Rupiah terhadap dollar AS sore ini melemah 0,45% atau 80 poin ke level Rp 17.780 dibandingkan posisi penutupan perdagangan sebelumnya di Rp 17.730. Rupiah terpantau terkoreksi di hari ketiganya menjauhi area 3 minggu terkuatnya.
Analis Vibiz Research Center melihat untuk hari ini perdagangan rupiah vs dollar dibuka melemah ke Rp 17.820 kemudian bergerak terkoreksi ke Rp17.821, dan terakhir sore ini WIB terpantau di posisi Rp 17.780.
Melemahnya rupiah terjadi sementara dollar AS di pasar uang Eropa melandai setelah melaju 2 hari di sesi global sebelumnya; tertahan di 13 bulan tertingginya oleh the Fed yang cenderung hawkish akan menaikkan suku bunganya.

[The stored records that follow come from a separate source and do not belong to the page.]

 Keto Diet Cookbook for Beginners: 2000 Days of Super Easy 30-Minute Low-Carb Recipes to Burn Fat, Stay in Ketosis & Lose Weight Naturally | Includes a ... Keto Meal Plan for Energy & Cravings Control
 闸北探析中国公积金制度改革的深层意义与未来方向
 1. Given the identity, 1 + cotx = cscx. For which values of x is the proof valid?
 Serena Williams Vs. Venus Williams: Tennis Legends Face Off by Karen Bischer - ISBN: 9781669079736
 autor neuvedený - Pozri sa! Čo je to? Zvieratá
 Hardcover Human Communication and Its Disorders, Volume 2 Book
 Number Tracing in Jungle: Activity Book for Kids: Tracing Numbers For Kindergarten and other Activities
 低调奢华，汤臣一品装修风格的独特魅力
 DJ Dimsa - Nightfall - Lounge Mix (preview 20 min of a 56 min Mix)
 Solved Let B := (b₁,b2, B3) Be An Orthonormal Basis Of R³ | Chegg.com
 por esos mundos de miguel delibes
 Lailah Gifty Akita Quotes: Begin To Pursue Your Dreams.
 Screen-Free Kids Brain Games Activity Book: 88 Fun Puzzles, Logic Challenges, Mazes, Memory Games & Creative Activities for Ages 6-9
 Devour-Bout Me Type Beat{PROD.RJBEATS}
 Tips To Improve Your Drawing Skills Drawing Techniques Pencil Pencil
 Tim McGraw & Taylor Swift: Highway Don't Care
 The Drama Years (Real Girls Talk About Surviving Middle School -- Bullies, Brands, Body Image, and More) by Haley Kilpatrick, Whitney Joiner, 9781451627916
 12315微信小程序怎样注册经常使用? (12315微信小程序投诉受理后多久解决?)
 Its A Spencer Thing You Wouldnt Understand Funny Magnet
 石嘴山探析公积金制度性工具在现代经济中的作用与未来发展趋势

Indeks dollar, yang mengukur dollar terhadap keranjang enam mata uang saingan utamanya, sore hari WIB ini agak flat ke 100,80, dibandingkan level penutupan sesi sebelumnya di 100,81.
Sementara itu, IHSG Jumat di akhir sesi terpantau menguat tipis 4,799 poin (0,08%) ke level 6.177,139, sedangkan bursa saham kawasan Asia umumnya bias melemah di tengah keraguan investor atas efektifnya perjanjian damai AS-Iran dan estimasi kenaikan suku bunga the Fed ke depannya, serta mencermati Wall Street yang berakhir semalam dalam gain.
Analis Vibiz Research Center melihat dollar AS terhadap rupiah hari ini menguat, dengan dollar di pasar Eropa bergerak tertahan. Rupiah terhadap dollar seminggu ini terlihat akan berada dalam rentang antara Rp17.995 – Rp17.690.